## [Problem requirements]
Only the lines below from the one that contains "Tai nghe G200 thể thao không dây chống nước" through the one that contains "The Donna Summer musical" should appear in your answer, exact and without pictures.

## [Record set]
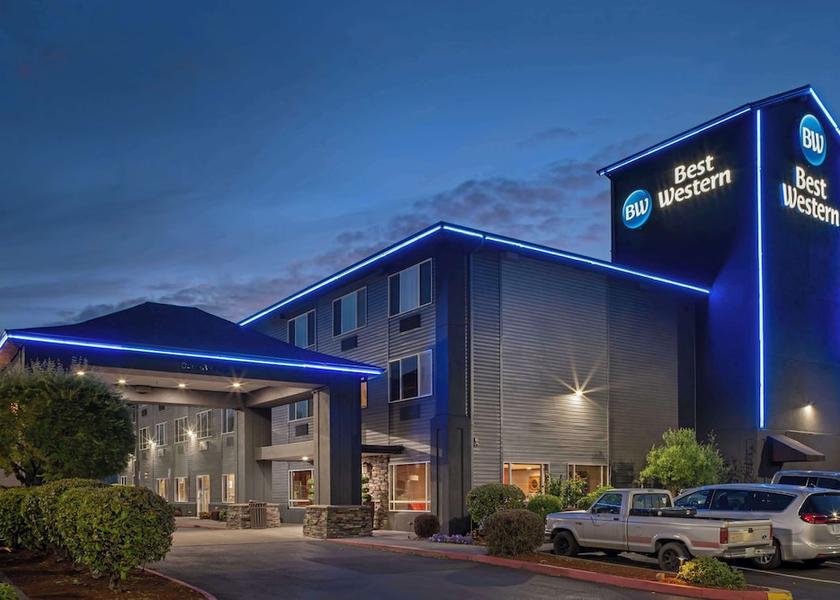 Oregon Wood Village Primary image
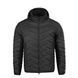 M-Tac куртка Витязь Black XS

...

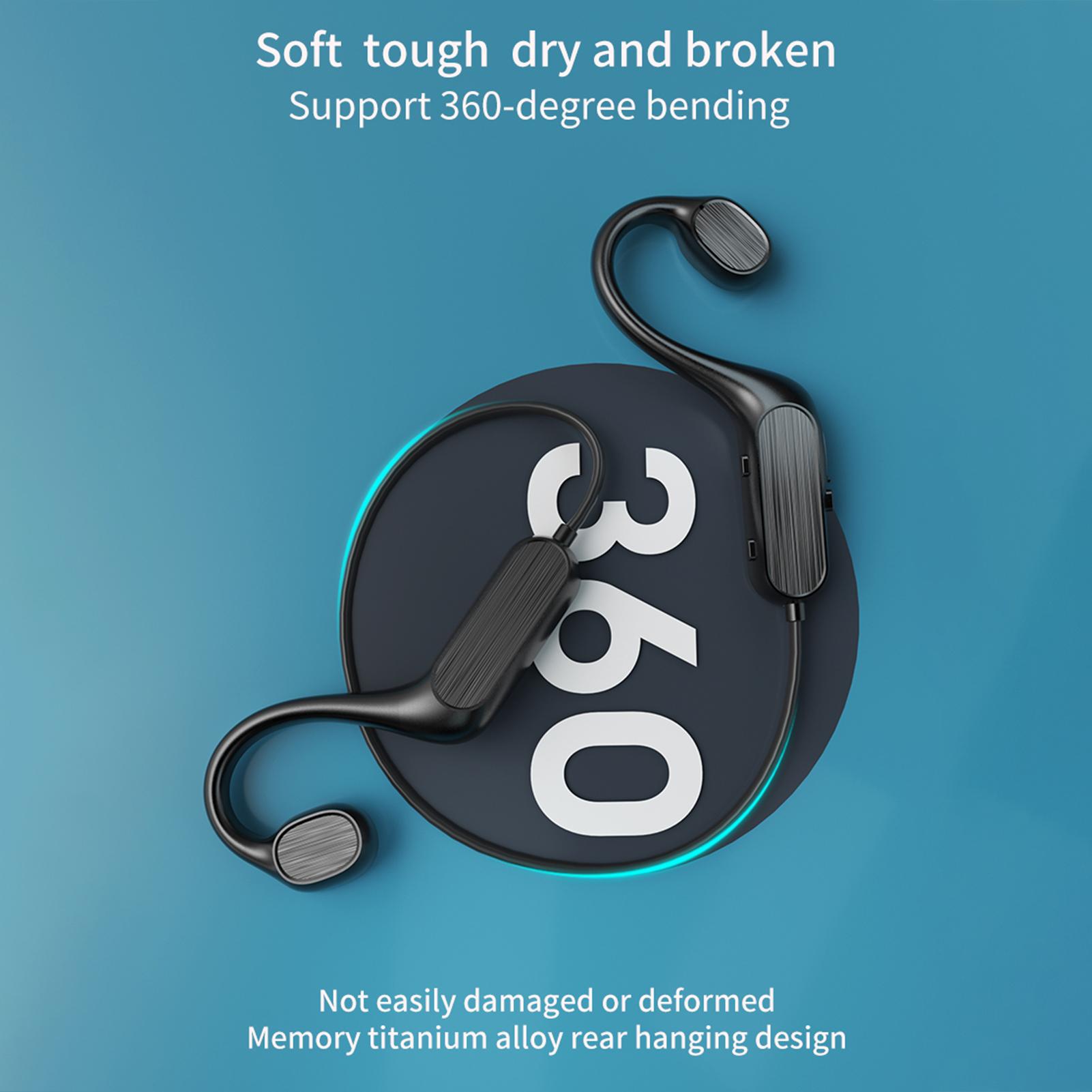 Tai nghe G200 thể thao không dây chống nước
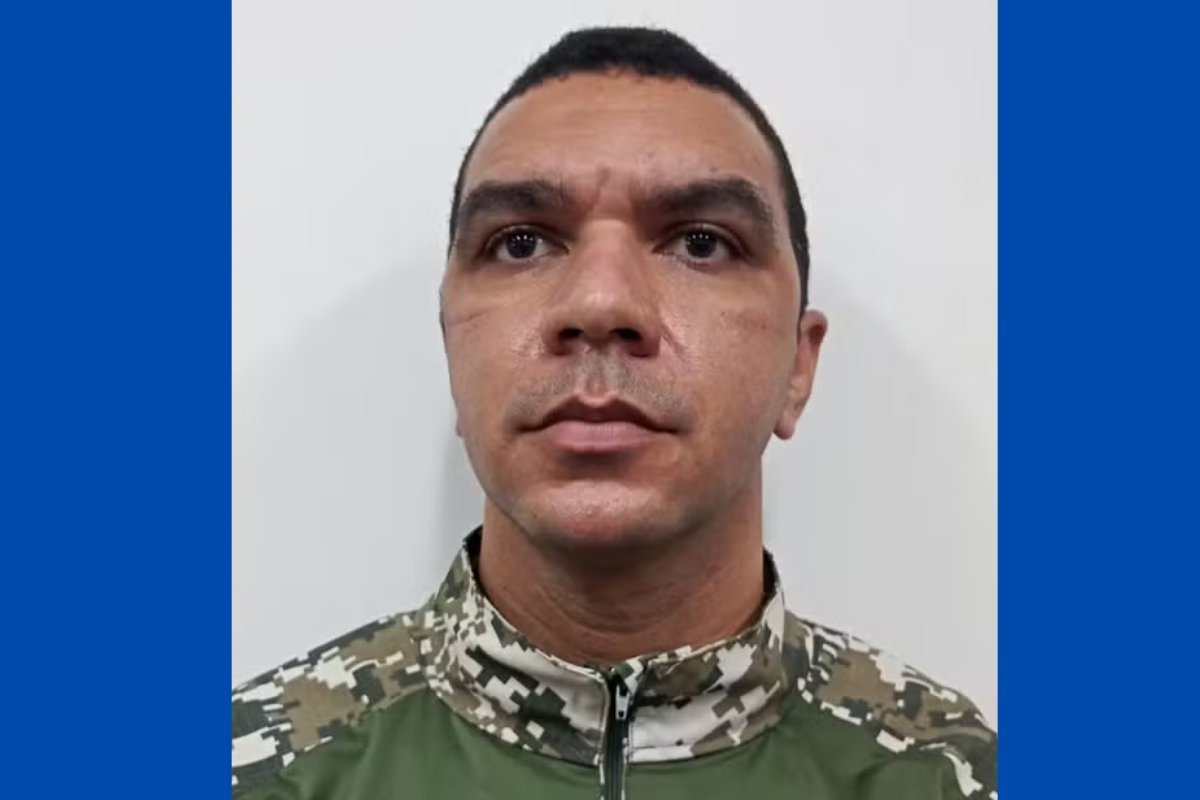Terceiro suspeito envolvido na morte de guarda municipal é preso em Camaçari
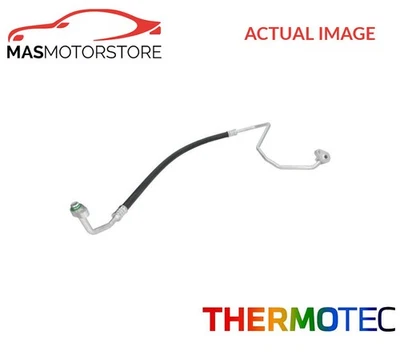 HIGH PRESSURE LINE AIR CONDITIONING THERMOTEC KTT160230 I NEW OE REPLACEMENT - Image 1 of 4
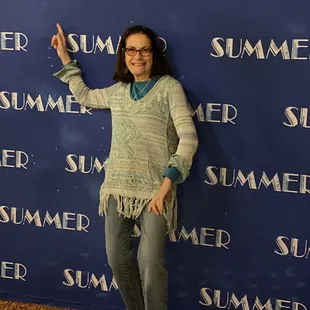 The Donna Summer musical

## [Task output]
 Tai nghe G200 thể thao không dây chống nước
Terceiro suspeito envolvido na morte de guarda municipal é preso em Camaçari
 HIGH PRESSURE LINE AIR CONDITIONING THERMOTEC KTT160230 I NEW OE REPLACEMENT - Image 1 of 4
 The Donna Summer musical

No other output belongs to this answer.